Produit excessif de la consommation de l’opium dans l’île du Prince-de-Gales

PRODUIT EXCESSIF
DE L’OPIUM
CONSOMMÉ DANS L’ÎLE DU PRINCE-DE-GALLES.

Suivant un recensement fait en 1822, par le surintendant de la police anglaise, de la population de l’île du Prince-de-Galles et de ses dépendances, on y comptait 45,127 habitans, parmi lesquels environ 19,000 Malais, 9,000 Chinois, 6,000 Choulias, 1,500 Bengalis, 1,000 naturels chrétiens, et 400 Européens seulement.
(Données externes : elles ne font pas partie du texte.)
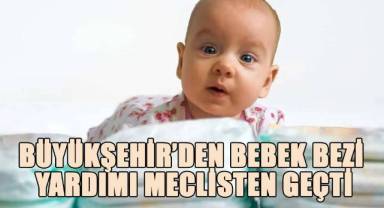 Denizli Büyükşehir Belediye Meclisi, Bebek Bezi Yardımını Oy Birliğiyle Kabul Etti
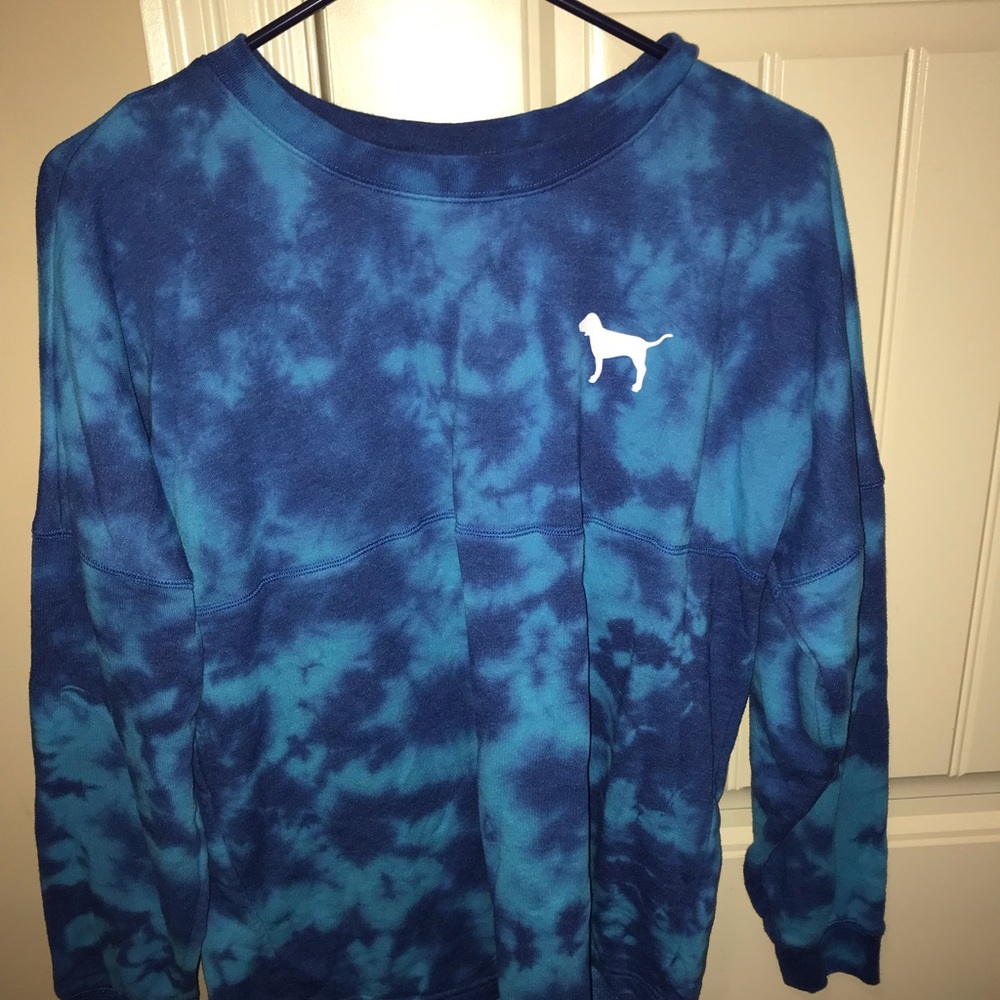 PINK Blue Long Sleeve Shirt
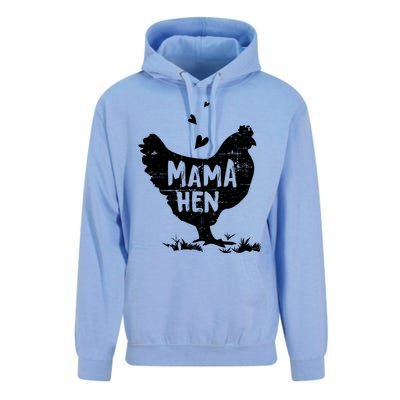 Mama Hen Chicken Funny Farmer Hen Chicken Mama Unisex Surf Hoodie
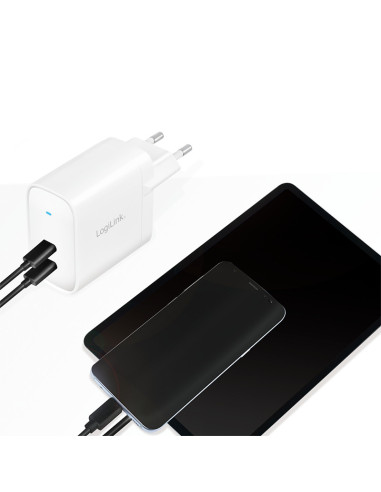 ALIMENTATOR retea 220V LOGILINK, universal, 2 x USB-C, maxim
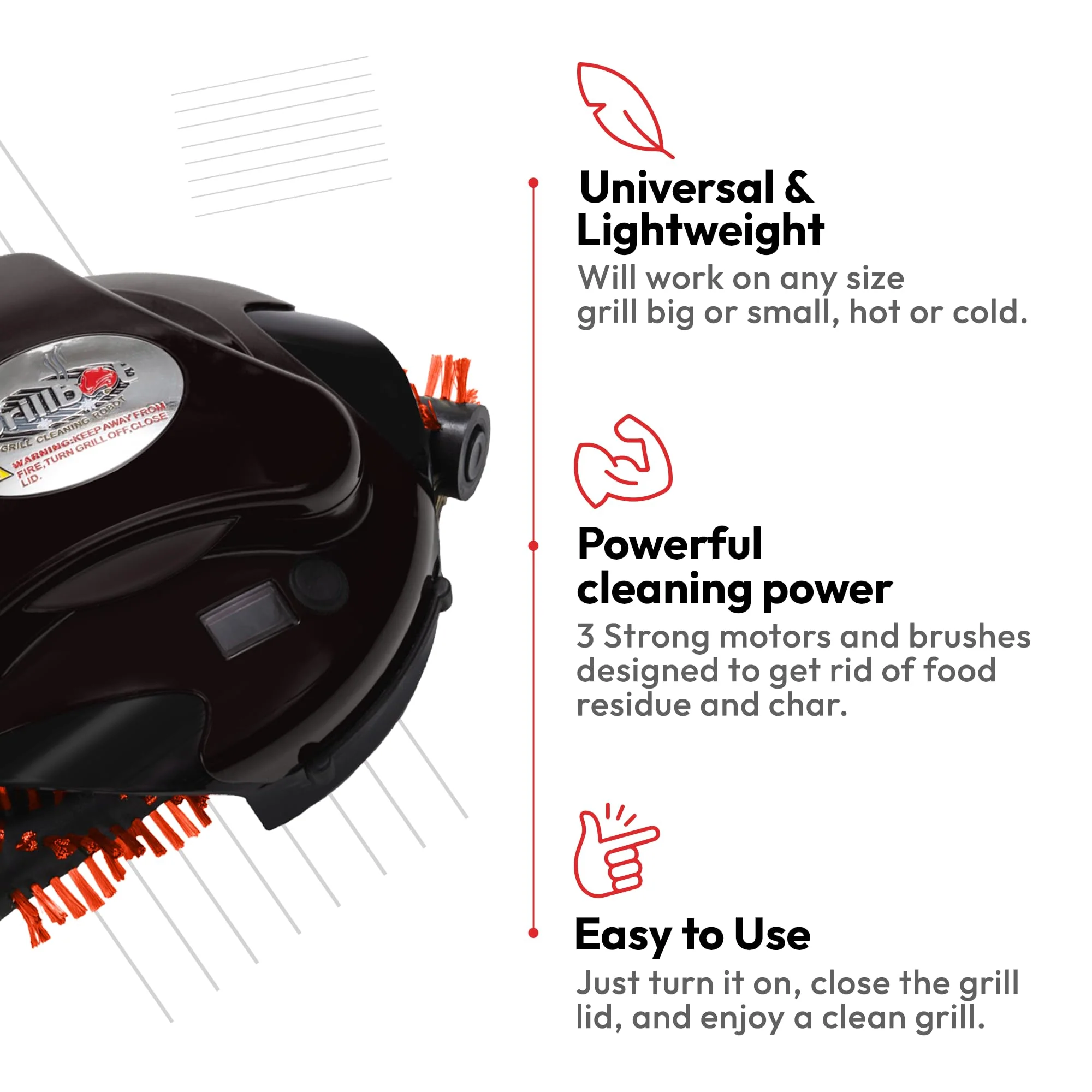 Grillbot Automatic Grill Cleaning Robot with Storage Case - John Pierce Auto Care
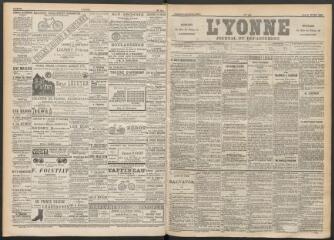 3 vues - L\'Yonne : journal du département, n° 120, samedi 26 mai 1894 (ouvre la visionneuse)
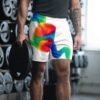 all over print unisex athletic long shorts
Il est curieux de savoir à quel énorme impôt se voit soumise cette seule fraction si minime de la grande population indienne, pour satisfaire, même incomplètement, l’impérieux besoin que les Orientaux éprouvent de chercher, dans l’usage le plus immodéré de l’opium, une existence factice, qui les arrache aux soucis ou seulement à la monotonie de la vie vulgaire, et qui fait passer tour à tour ceux qui s’y livrent d’un état d’illusion et d’extase à un état d’abrutissement et de torpeur, dont tout l’effet de nos liqueurs spiritueuses ne donnerait qu’une idée imparfaite.

Voici ce qu’on lit à ce sujet dans le premier volume des Transactions de la Société agricole et horticole de l’Inde, publié à Serampore en 1829.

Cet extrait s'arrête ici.